A while back I asked my friend Marie from Weighty Tales and Walks from a Chocoholic and Reluctant Dieter to share her Body Butter recipe with us.
The recipe she shared said you could use any type of oil, so I used castor oil since I’d heard it was good to help the skin shrink back after weight loss.
I vacillated at the store between almond butter and cocoa butter. Both seemed to focus on the same things, and I’d read that both were good to meet my goals. In the end I chose the cocoa butter.
My fragrance? Lavender. I had double reasons for this choice. It helps the skin return to elasticity after weight loss AND I LOVE the scent.

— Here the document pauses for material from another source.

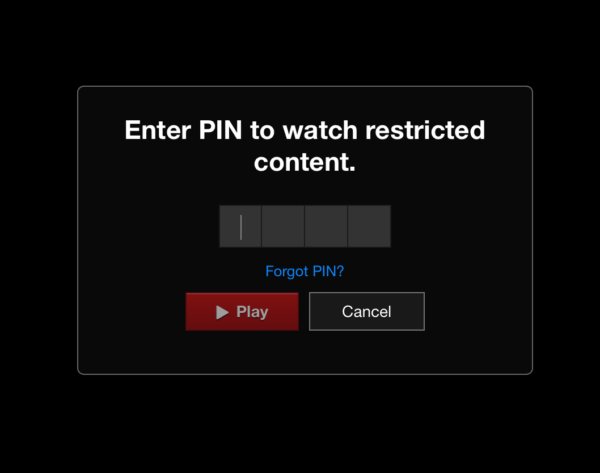 Pin Code Prompt Netflix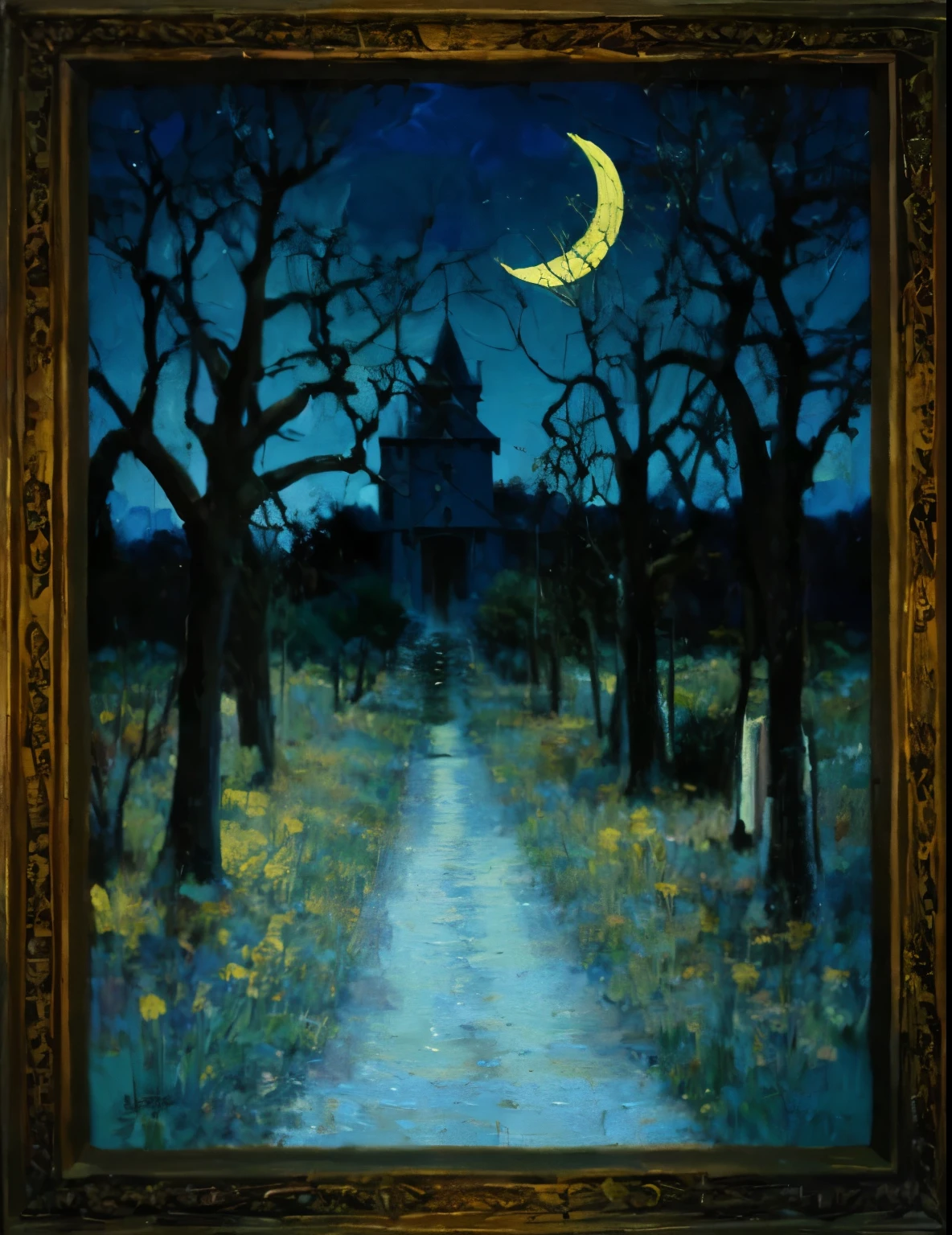 An masterpiece oil painting, high detail, palette knife thick brushstrokes, of a dark dense forest,  bare tree. barren tree  branches, leaves, pathway into a castle, dark blue skies, yellow hay field grass, crescent moon in the sky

Things started well. I melted my almond butter and stirred in the other ingredients, delighting in the fragrance wafting toward me. I used a lot of lavender, thinking it was good for my skin and smelled heavenly. Plus the cocoa scent was stronger than I expected and needed a lot of balancing. I pulled the pan off the heat and waited. And waited. And grew impatient.
This was probably my fatal error. I decided to help cool time by placing my pan into the refrigerator. This may have worked if I’d not forgotten it at this point and left it there until it was not only cool, but completely hard. I transferred it to a bowl for the whipping stage.
At this point I . . . uh . . . burned out the gears on our hand mixer. My husband was not happy because it’s the tool he uses for our Saturday morning whole wheat pancakes, but I never liked that mixer in the first place, so while I didn’t want to make things harder for him, I do NOT grieve that wimpy little mixer! The body butter never did whip up like whipped cream, and with the mixer’s gears getting stripped, I gave up.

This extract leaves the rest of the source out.